I am new to Julia and feel a little bit confused about how to implement custom image loader, first I have generated 10 sample images and saved it in the temp folder, then I have defined “ImageFolder” but really got stuck in understanding how to use numobs and getobs since documentation is not very comprehensible for me this is what I got:
using FileIO, ImageIO, ImageCore, MLUtils
struct ImageFolder
files::Vector{String}
function ImageFolder(dir::String)
return new(readdir(dir; join = true))
end
end
MLUtils.numobs(data::ImageFolder) = data.files
MLUtils.getobs(data::ImageFolder, idx::AbstractVector{<:Integer} = rand(3, 4, length(idx)))
dir = tempname()
mkpath(dir)
@info "Writing random images to $(dir)"
for i in 1:10
save(joinpath(dir, "$i.jpeg"), colorview(RGB, rand(3, 10, 10)))
end
would appreciate any help, thank you in advance…
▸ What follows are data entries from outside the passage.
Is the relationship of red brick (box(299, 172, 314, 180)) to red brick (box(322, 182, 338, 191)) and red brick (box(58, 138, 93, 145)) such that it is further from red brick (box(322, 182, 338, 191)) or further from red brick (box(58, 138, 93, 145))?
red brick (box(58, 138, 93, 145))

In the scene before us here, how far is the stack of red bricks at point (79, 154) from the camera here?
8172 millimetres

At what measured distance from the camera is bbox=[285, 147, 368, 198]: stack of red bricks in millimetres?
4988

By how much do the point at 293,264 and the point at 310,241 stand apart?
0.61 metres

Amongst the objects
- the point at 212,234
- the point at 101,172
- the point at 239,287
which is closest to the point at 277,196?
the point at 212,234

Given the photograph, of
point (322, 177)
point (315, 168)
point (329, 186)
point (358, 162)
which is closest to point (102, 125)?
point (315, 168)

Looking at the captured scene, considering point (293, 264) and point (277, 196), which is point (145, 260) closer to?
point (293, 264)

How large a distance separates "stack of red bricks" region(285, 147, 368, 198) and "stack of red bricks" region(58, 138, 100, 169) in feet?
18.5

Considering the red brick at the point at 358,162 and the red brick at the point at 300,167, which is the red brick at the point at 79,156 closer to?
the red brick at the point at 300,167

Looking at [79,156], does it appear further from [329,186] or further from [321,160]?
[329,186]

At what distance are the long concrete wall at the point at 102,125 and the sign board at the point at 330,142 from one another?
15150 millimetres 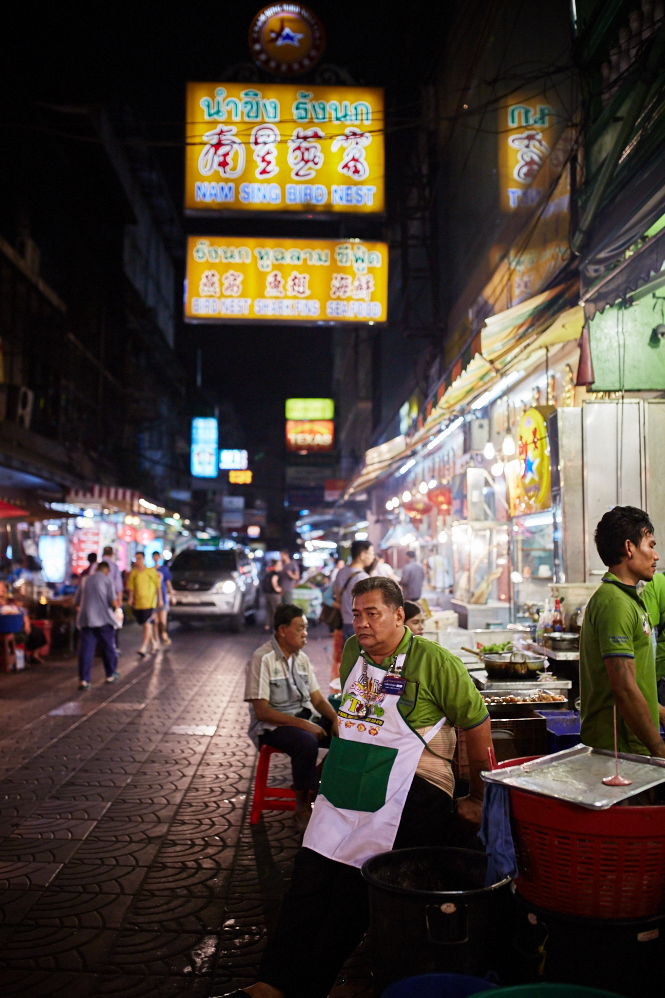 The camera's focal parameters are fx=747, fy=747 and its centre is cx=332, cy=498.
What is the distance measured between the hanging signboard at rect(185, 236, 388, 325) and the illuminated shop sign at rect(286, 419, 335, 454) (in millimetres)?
28780

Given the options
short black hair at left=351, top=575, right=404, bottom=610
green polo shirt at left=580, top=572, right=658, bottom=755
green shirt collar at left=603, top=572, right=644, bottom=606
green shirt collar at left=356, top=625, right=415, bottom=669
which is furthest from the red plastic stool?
green shirt collar at left=603, top=572, right=644, bottom=606

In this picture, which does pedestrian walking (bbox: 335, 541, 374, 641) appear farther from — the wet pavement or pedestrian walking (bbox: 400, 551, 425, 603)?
pedestrian walking (bbox: 400, 551, 425, 603)

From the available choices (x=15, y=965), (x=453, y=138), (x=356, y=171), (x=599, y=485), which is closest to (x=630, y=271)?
(x=599, y=485)

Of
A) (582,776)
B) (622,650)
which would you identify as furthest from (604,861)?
(622,650)

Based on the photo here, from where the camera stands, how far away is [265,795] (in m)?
5.85

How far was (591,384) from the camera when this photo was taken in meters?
7.27

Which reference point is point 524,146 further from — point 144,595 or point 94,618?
point 144,595

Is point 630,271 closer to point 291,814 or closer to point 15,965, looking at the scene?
point 291,814

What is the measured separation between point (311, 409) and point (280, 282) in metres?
30.0

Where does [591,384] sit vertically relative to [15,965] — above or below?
above

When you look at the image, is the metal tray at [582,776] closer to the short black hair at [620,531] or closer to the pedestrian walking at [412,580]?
the short black hair at [620,531]

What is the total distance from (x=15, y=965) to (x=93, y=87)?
27131 millimetres

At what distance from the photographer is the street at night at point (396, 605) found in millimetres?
2904

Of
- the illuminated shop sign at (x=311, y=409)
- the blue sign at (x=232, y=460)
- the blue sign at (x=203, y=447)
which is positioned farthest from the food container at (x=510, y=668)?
the blue sign at (x=232, y=460) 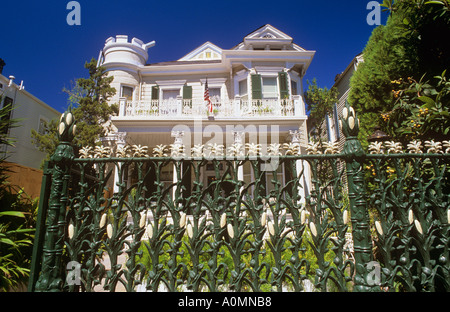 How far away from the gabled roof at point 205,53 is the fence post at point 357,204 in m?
14.8

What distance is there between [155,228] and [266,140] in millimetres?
9928

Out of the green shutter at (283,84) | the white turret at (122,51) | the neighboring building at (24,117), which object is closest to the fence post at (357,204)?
the green shutter at (283,84)

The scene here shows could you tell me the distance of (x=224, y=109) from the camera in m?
11.1

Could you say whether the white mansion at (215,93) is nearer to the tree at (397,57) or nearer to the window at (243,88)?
the window at (243,88)

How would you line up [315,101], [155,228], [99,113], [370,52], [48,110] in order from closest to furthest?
[155,228] < [370,52] < [99,113] < [315,101] < [48,110]

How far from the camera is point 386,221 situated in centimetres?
208

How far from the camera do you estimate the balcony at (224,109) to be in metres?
10.7

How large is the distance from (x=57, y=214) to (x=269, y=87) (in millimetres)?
12156

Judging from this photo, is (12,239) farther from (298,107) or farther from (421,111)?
(298,107)

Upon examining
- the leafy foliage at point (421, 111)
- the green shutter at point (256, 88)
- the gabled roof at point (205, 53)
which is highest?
the gabled roof at point (205, 53)

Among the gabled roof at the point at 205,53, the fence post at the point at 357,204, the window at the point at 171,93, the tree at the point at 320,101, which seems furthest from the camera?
the gabled roof at the point at 205,53

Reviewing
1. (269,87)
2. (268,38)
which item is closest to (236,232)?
(269,87) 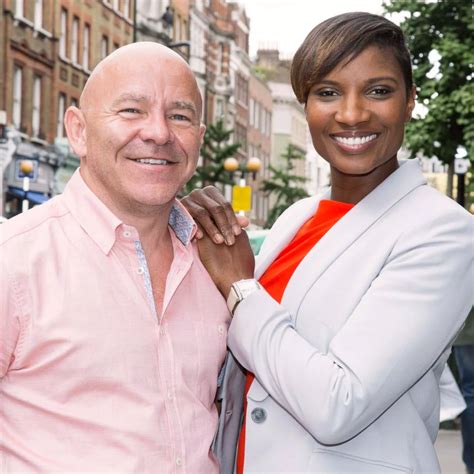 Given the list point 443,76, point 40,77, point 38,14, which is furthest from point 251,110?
point 443,76

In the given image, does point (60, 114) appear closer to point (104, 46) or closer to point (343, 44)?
point (104, 46)

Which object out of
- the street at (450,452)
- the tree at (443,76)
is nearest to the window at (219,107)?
the tree at (443,76)

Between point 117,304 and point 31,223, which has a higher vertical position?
point 31,223

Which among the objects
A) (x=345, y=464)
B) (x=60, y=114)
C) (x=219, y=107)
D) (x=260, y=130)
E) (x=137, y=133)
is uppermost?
(x=219, y=107)

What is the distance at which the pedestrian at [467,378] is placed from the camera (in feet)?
19.9

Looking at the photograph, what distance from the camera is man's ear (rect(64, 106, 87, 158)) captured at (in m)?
2.94

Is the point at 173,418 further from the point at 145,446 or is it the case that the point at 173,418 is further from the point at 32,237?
the point at 32,237

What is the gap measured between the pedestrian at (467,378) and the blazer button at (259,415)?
3.31 metres

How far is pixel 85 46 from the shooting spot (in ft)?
123

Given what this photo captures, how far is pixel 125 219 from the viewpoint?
2.90 m

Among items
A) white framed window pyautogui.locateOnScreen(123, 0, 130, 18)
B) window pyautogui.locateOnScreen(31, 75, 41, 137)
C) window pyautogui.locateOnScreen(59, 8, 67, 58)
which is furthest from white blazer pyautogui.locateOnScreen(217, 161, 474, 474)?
white framed window pyautogui.locateOnScreen(123, 0, 130, 18)

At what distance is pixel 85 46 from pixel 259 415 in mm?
35800

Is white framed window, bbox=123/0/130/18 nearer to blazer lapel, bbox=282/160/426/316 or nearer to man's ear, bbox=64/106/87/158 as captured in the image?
man's ear, bbox=64/106/87/158

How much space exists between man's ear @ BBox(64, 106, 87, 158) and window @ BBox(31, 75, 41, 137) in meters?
30.2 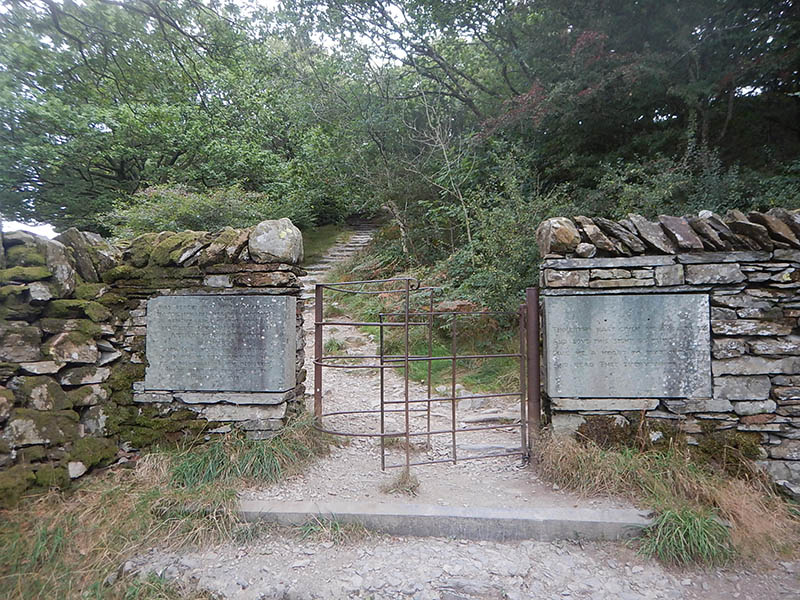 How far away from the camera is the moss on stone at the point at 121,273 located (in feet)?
12.3

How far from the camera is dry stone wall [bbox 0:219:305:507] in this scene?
124 inches

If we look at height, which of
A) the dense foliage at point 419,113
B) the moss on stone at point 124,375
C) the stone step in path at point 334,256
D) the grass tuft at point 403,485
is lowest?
the grass tuft at point 403,485

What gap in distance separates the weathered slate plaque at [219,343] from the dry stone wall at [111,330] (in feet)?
0.25

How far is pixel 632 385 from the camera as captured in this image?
3453 millimetres

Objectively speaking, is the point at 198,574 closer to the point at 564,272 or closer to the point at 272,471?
the point at 272,471

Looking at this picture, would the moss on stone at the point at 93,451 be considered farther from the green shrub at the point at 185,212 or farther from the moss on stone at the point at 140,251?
the green shrub at the point at 185,212

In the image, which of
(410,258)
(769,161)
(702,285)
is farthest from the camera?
(410,258)

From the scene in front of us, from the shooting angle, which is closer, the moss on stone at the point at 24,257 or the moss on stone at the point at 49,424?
the moss on stone at the point at 49,424

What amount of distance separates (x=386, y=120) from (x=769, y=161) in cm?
713

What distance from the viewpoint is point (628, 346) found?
3.45 meters

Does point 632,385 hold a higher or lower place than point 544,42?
lower

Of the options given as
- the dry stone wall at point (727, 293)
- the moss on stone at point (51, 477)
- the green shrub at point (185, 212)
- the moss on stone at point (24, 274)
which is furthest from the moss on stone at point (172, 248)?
the green shrub at point (185, 212)

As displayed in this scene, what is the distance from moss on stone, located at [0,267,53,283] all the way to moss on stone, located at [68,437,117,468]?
1.28 metres

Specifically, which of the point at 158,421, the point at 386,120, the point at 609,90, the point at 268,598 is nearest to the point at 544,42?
the point at 609,90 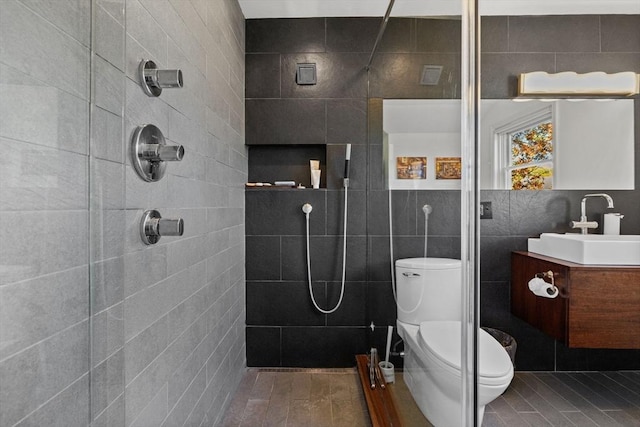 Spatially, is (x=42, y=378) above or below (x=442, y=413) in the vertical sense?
above

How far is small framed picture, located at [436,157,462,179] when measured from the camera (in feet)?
3.19

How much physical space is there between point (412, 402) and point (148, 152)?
1.20 m

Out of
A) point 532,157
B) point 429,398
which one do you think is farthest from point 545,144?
point 429,398

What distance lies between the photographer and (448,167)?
3.43ft

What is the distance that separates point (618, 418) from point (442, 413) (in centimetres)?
66

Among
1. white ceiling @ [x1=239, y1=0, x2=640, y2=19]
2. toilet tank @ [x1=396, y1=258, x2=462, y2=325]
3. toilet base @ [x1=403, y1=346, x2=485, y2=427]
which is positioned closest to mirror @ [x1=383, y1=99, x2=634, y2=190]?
white ceiling @ [x1=239, y1=0, x2=640, y2=19]

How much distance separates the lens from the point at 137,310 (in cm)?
105

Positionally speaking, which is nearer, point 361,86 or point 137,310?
point 137,310

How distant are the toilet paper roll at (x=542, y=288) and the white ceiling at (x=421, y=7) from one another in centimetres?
41

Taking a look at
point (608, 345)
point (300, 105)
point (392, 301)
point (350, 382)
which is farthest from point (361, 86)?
point (608, 345)

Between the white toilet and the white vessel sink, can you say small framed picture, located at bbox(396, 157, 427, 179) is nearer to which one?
the white toilet

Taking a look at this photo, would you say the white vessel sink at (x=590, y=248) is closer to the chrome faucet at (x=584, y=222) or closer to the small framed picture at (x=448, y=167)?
the chrome faucet at (x=584, y=222)

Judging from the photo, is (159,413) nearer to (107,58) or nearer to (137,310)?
(137,310)

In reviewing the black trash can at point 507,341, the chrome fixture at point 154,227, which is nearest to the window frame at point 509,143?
the black trash can at point 507,341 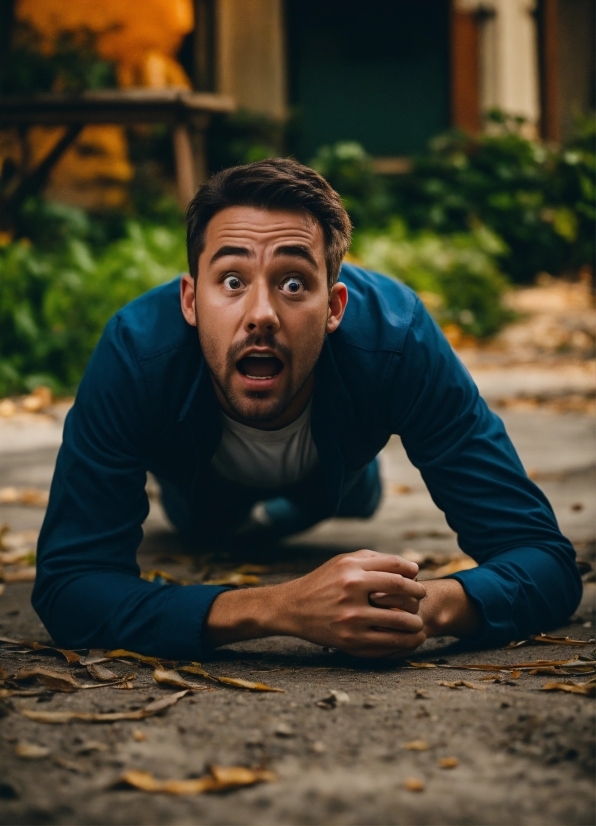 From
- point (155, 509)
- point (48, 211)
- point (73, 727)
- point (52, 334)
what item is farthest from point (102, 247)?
point (73, 727)

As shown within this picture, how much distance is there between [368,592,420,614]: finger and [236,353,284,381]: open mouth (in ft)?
1.83

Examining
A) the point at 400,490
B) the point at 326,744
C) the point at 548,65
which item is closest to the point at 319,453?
the point at 326,744

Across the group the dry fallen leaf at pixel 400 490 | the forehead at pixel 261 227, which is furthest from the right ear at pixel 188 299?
the dry fallen leaf at pixel 400 490

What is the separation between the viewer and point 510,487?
8.02 ft

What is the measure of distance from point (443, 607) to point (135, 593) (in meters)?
0.69

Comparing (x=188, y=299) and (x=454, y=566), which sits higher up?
(x=188, y=299)

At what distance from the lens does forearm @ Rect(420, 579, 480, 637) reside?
2225 mm

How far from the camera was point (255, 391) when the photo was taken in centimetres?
230

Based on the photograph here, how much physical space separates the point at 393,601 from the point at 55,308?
180 inches

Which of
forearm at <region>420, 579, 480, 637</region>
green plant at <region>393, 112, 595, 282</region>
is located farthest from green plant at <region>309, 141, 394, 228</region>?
forearm at <region>420, 579, 480, 637</region>

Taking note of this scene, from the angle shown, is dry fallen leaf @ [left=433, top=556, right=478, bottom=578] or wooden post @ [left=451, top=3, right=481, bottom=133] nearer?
dry fallen leaf @ [left=433, top=556, right=478, bottom=578]

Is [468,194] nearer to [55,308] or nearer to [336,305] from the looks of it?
[55,308]

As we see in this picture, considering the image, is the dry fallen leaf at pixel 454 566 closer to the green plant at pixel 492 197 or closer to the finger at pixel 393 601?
the finger at pixel 393 601

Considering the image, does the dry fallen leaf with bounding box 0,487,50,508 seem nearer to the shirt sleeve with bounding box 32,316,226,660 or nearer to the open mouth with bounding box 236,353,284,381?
the shirt sleeve with bounding box 32,316,226,660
Tried to implement numobs and getobs so that MLUtils.getobs(data::ImageFolder, idx::AbstractVector{<:Integer}) should return an Array{Float32,4} of dimension d1xd2xd3xn where d1, d2 are the dimensions of the images and n is equal to length(idx).
Thank you for the answer, nevertheless I would like to use numobs and getobs but could not find any comprehensive tutorials, will see if I can come up with something
What’s the issue with the above referenced length and getindex approach?
These are aligned with the MLUtils DataLoader extension methodology and provides performance as good as it gets AFAIK.
getobs should only be implemented for types where there is a difference between getobs and Base.getindex (such as multi-dimensional arrays).
Same story for numobs. So the usage above is correct. You are of course free to override it instead, but you’ll miss out on the nice [...] indexing syntax and other features Julia provides for types with getindex/length defined.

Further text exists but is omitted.